Copy link to clipboard
Copied
We are running the latest CF 9 server running JVM 1.6_26 on a Win2003 server with an i7 processor and 8GB of ram.
Here is the JRun config:
java.args=-server -Xms4096m -Xmx4096m -Dsun.io.useCanonCaches=false -XX:PermSize=512m -XX:MaxPermSize=512m -XX:+UseParallelGC -Dsun.rmi.dgc.client.gcInterval=600000 -Dsun.rmi.dgc.server.gcInterval=600000 -Dcoldfusion.sessioncookie.httponly=true -XX:NewRatio=3 -Xbatch -Dcoldfusion.rootDir={application.home}/../ -Dcoldfusion.libPath={application.home}/../lib -Dcoldfusion.classPath={application.home}/../lib/updates,{application.home}/../lib,{application.home}/../gateway/lib/,{application.home}/../wwwroot/WEB-INF/flex/jars,{application.home}/../wwwroot/WEB-INF/cfform/jars
For the past few weeks, every couple of days the CF server grinds to a halt.
Using SeeFusion we can monitor the requests and see them just starting to stack up.

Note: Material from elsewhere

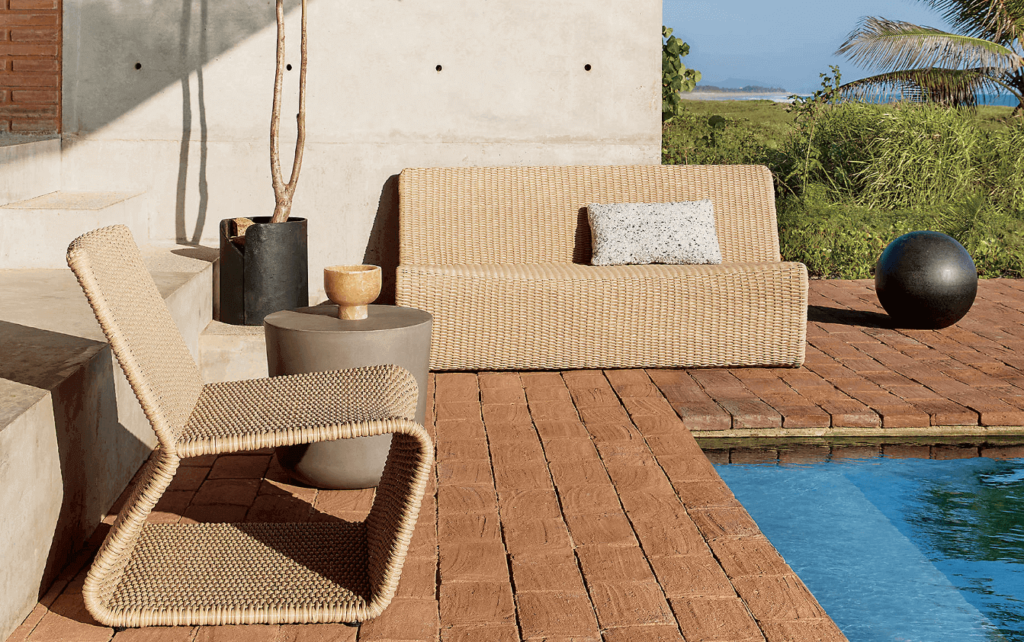 rattan chaise by CB2 1 1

We are typically alerted to the brewing problem when our application starts sending notices
that SESSION variables are undefined. The interesting part is that typically the line
where the error occurs is after the variable has been checked if its defined:
For instance:
<cfif NOT IsDefined("SESSION.User")>
<cflocation url="somewhere">
</cfif>
Hi <cfoutput>#SESSION.User.GetUsername()#</cfoutput>
Reports an error USER IS UNDEFINED IN SESSION on the output line AFTER the variable has been checked for existence meaning
to me that somewhere in the middle of processing the thread, memory is getting screwed up.
Anyway, after starting to see random errors like this we log into SeeFusion and see that
memory usage is running at about 85% and simple page requests are stacking up.

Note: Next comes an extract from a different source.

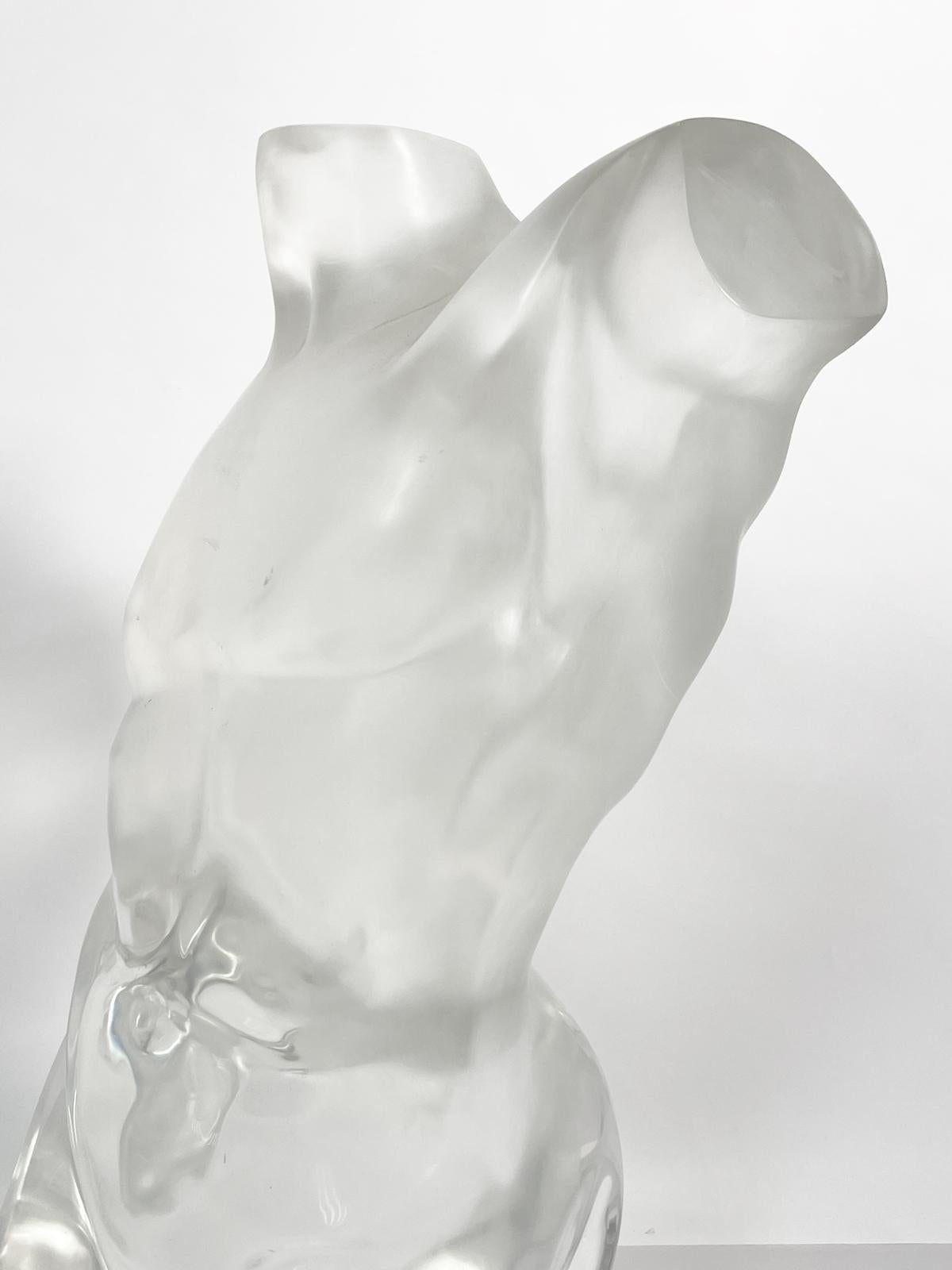 Nude Male Sculpture in Solid Lucite For Sale 8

I can force a full GC cleanup in milliseconds but it doesn't do anything for memory usage.
The page response times begin to climb.
At first we though it might be some long running page or report on our site but looking at the actively
running requests we see nothing intensive which could be causing the issue. Looking at the
task manager, the processes on the server are all running at 0% execpt for JRun which is hovering around
15% to 18%.
The problem isn't in the database either. Our MySQL database shows no long running queries, hung processes, or crashed tables
the application could be stalling over.
All of thisleads up to the site slowing to a crawl and then becoming completely unresponsive while JRun chugs along
at 15% and memory never maxes out. This never causes any errors in the logs ie memory heap errors or connection timeouts.
Its just crawls along. I've never let it sit in this state for more than 5 or 10 minutes so I don't know if it would eventually come back.
The only way so far to bring it back it to restart the CF server at which point everything returns to normal.
In other types of situations like this I've seen JRun peg out at 100% or more percent or memroy is pegged at 100% with an eventual heap error
or the database is locked up causing the app problems. But none of that happens here.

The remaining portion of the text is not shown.